What the task asks:
With the pictures omitted, write out all of the listing exactly.

Supplied entries:

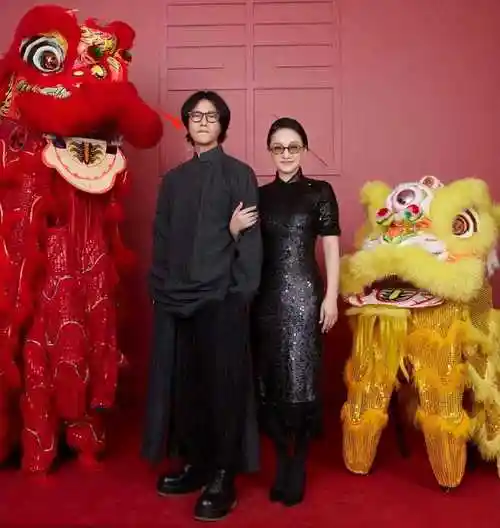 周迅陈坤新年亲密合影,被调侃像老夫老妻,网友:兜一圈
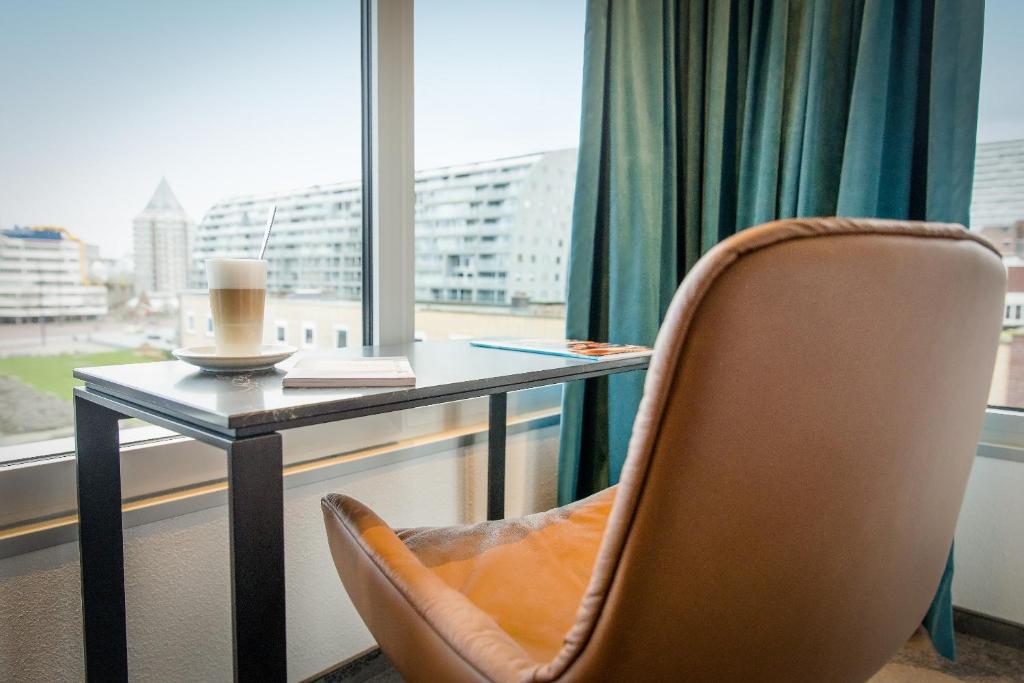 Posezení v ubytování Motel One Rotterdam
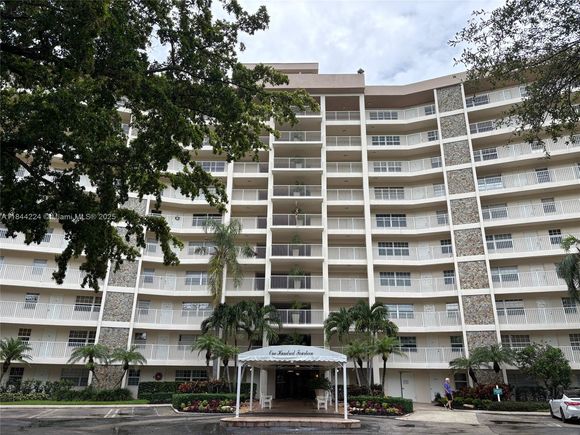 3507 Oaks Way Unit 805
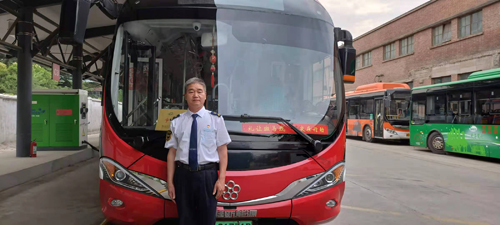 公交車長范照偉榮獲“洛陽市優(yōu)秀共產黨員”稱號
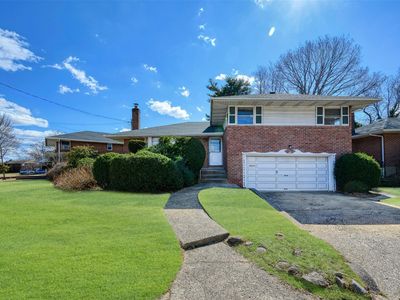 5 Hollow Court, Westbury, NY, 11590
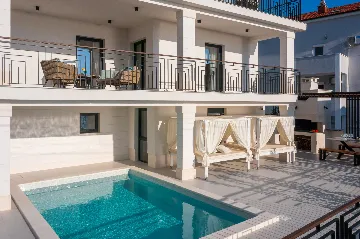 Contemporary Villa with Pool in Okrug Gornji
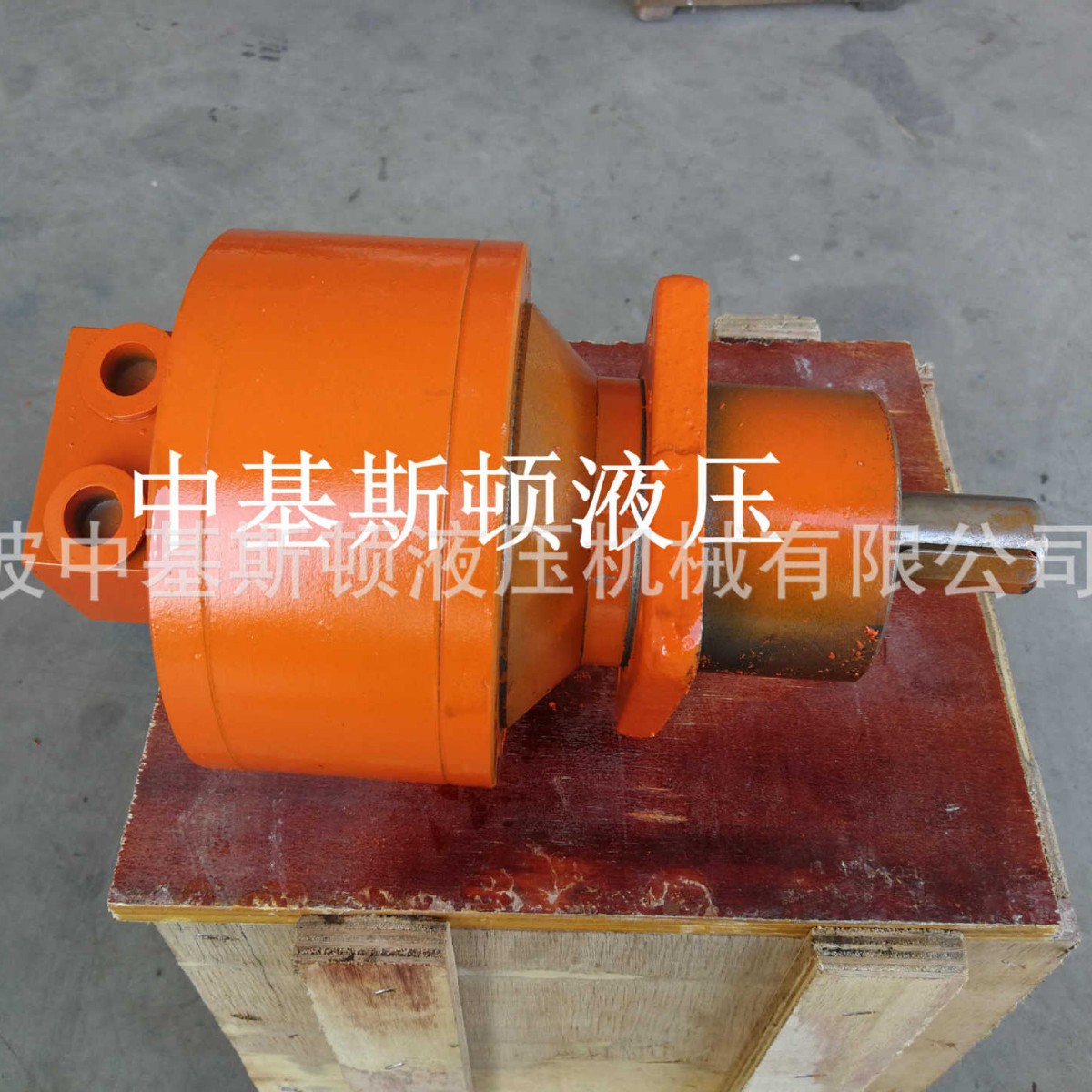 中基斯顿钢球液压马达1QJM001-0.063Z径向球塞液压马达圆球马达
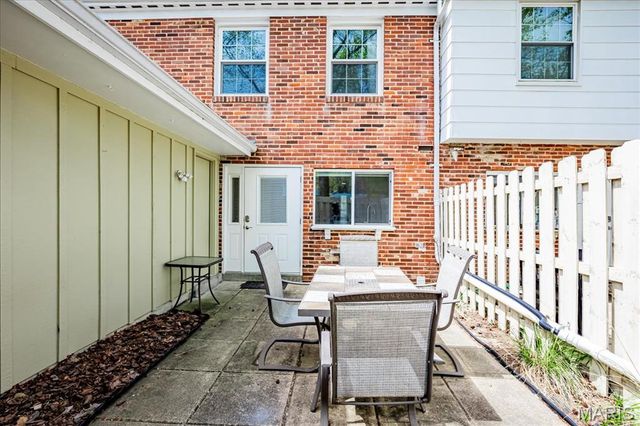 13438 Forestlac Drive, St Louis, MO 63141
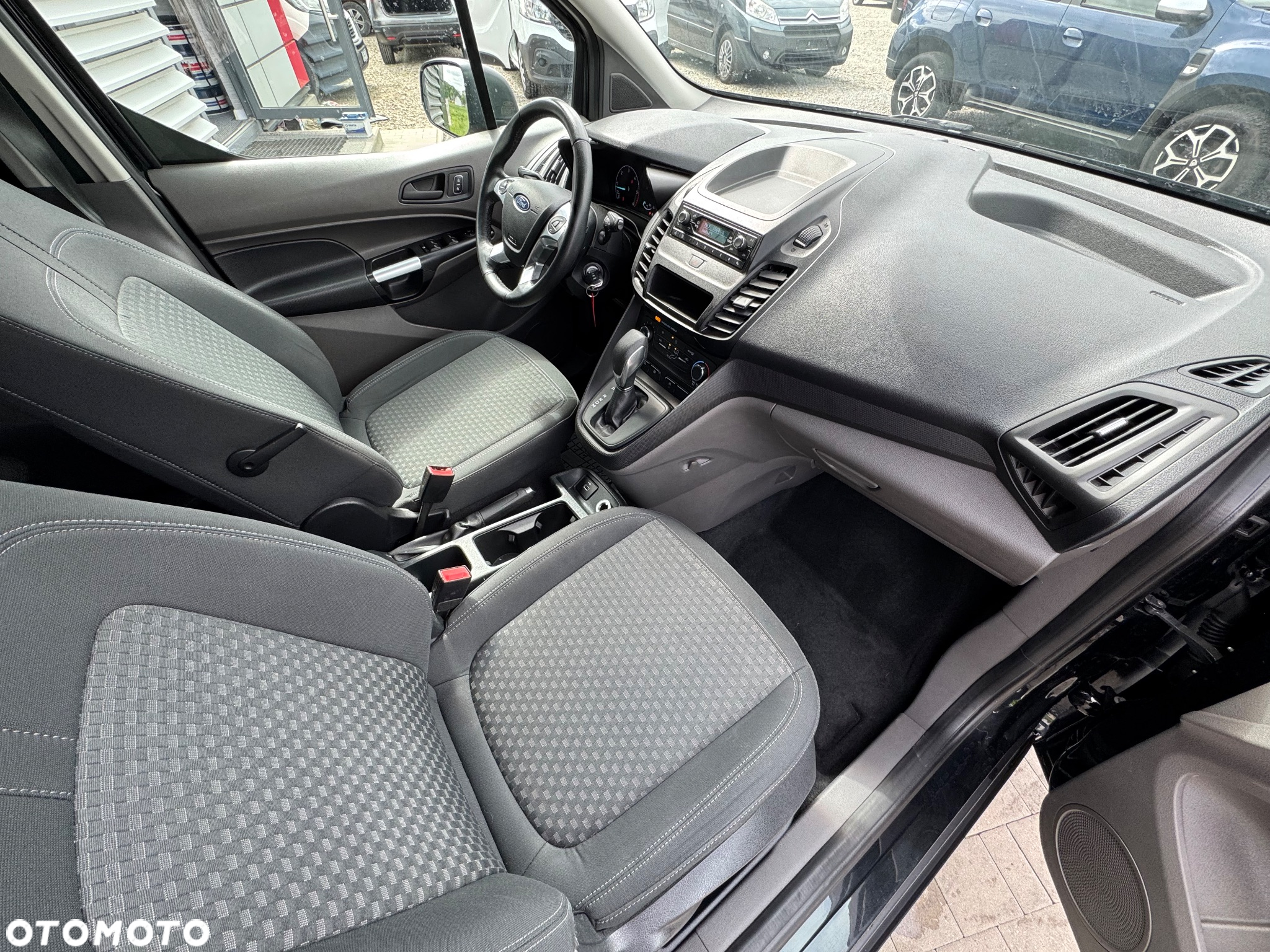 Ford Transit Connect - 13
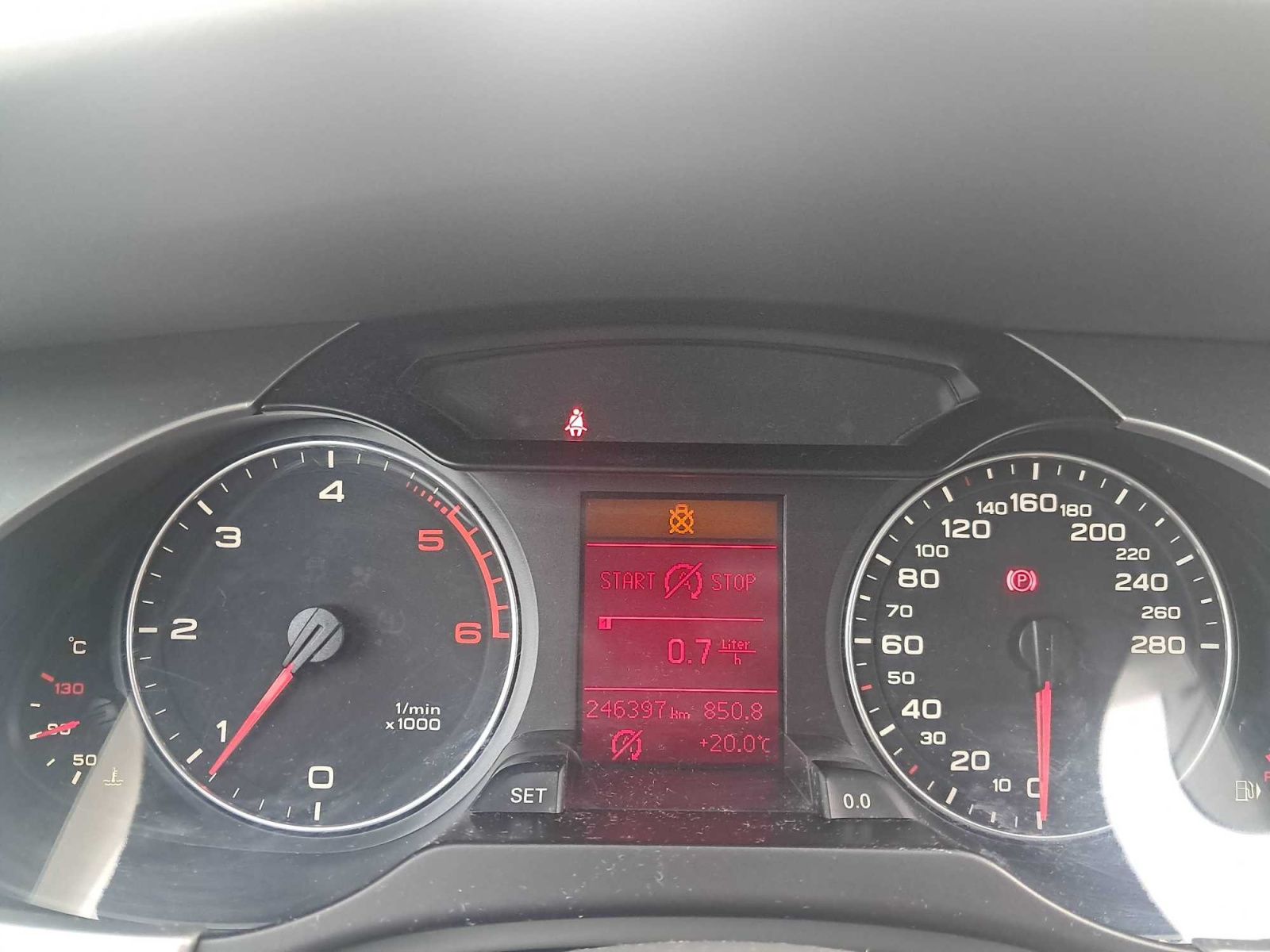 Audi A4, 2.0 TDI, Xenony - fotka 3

Finished task:
 周迅陈坤新年亲密合影,被调侃像老夫老妻,网友:兜一圈
 Posezení v ubytování Motel One Rotterdam
 3507 Oaks Way Unit 805
 公交車長范照偉榮獲“洛陽市優(yōu)秀共產黨員”稱號
 5 Hollow Court, Westbury, NY, 11590
 Contemporary Villa with Pool in Okrug Gornji
 中基斯顿钢球液压马达1QJM001-0.063Z径向球塞液压马达圆球马达
 13438 Forestlac Drive, St Louis, MO 63141
 Ford Transit Connect - 13
 Audi A4, 2.0 TDI, Xenony - fotka 3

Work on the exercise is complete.